Zapytaliśmy Polaków, o których kobietach politykach w minionym roku media mówiły najczęściej. Bezapelacyjnie zwyciężyła posłanka PiS Nelli Rokita. Na podium znalazły się jeszcze Hanna Gronkiewicz-Waltz i Julia Pitera – obie z Platformy.

– Polacy od kobiet funkcjonujących w polityce oczekują, żeby były albo Matką Teresą, albo Margaret Thatcher, albo Dodą – uważa Eryk Mistewicz, specjalista od wizerunku. Jednak jego zdaniem kluczem do medialnej kariery jest bycie osobą wyrazistą, a najlepiej kontrowersyjną. Ważne są też rekwizyty, jak czerwony kapelusz Nelli Rokity i związki ze znanymi politykami, nawet jeśli są to tylko związki wirtualne. Jolanta Szczypińska, posłanka PiS, nie byłaby tak popularna, gdyby prasa nie opisywała jej jako domniemanej narzeczonej Jarosława Kaczyńskiego.
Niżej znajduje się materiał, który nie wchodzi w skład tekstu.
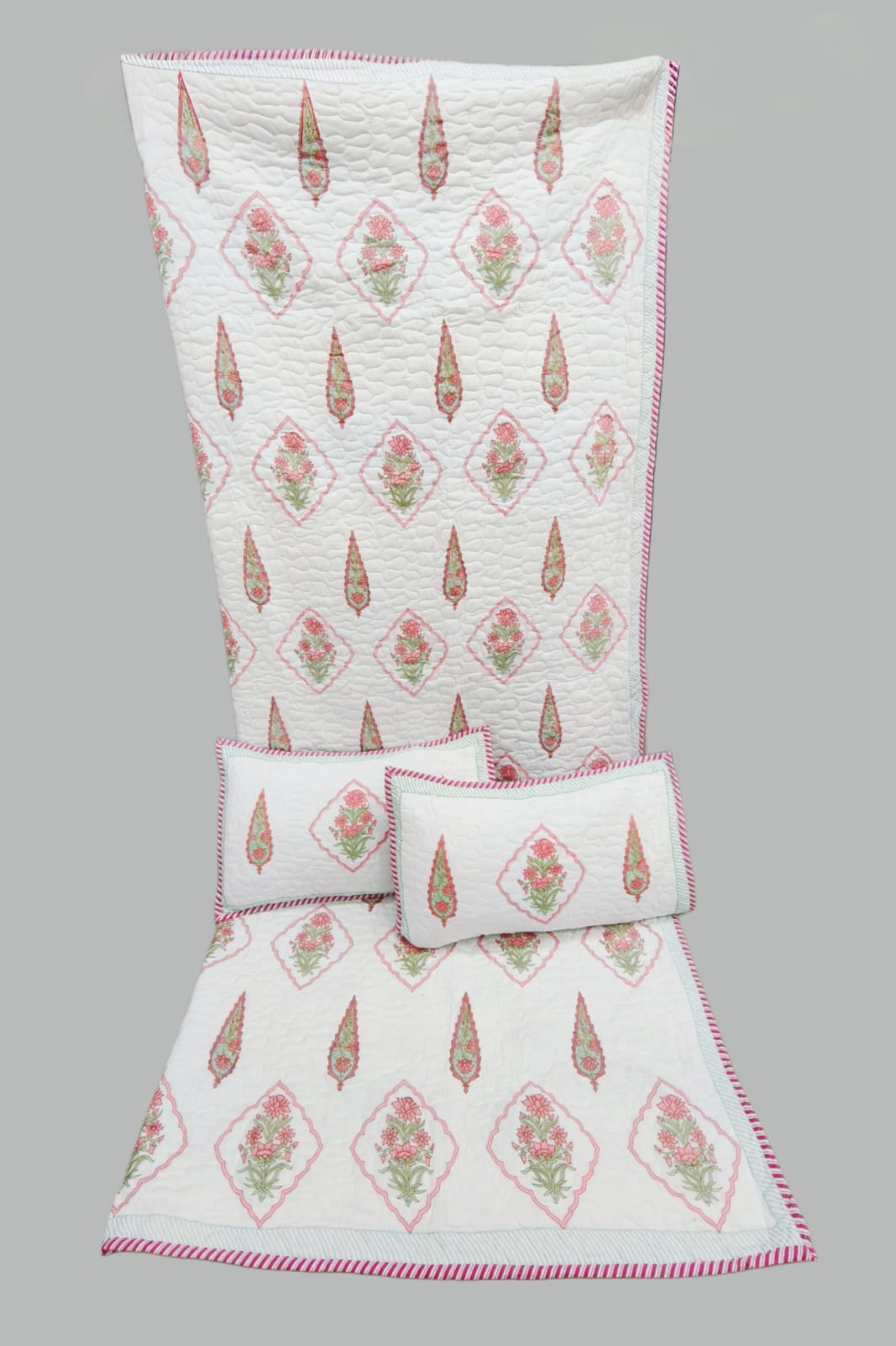 Pure mulmul cotton paani jaal quilted reversible double bedcovers with 2 quilted pillow covers (90x108 inches)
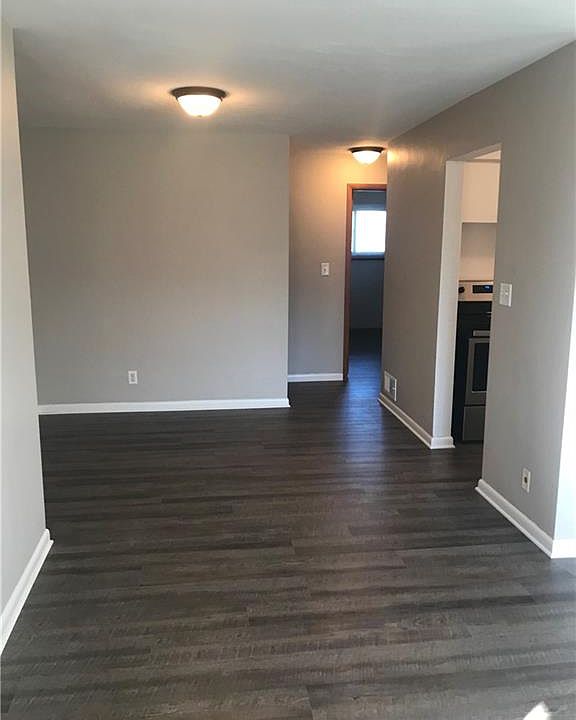 2nd image of 3069 Southdale Dr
Dlatego Mistewicza nie dziwi odległe, 11.miejsce Joanny Kluzik-Rostkowskiej. – Jest przeciwieństwem Nelli Rokity, to szara myszka do ciężkiej pracy, a nie błyszczenia w mediach – wyjaśnia.

Do wielkiej polityki Rokita wkroczyła z dużym hukiem podczas kampanii wyborczej. Wystąpiła na konferencji prasowej obok prezydenta Kaczyńskiego w roli jego doradczyni. Dziennikarze zawsze mogą liczyć na to, że powie coś, co utkwi w pamięci.

– Nelli Rokita to oczywiście Doda naszej polityki. Natomiast Zyta Gilowska odgrywa rolę Margaret Thatcher – mówi Mistewicz. Największy problem ma ze wskazaniem polskiej odpowiedniczki Matki Teresy. – Największe szanse ma prezydentowa Maria Kaczyńska – dodaje.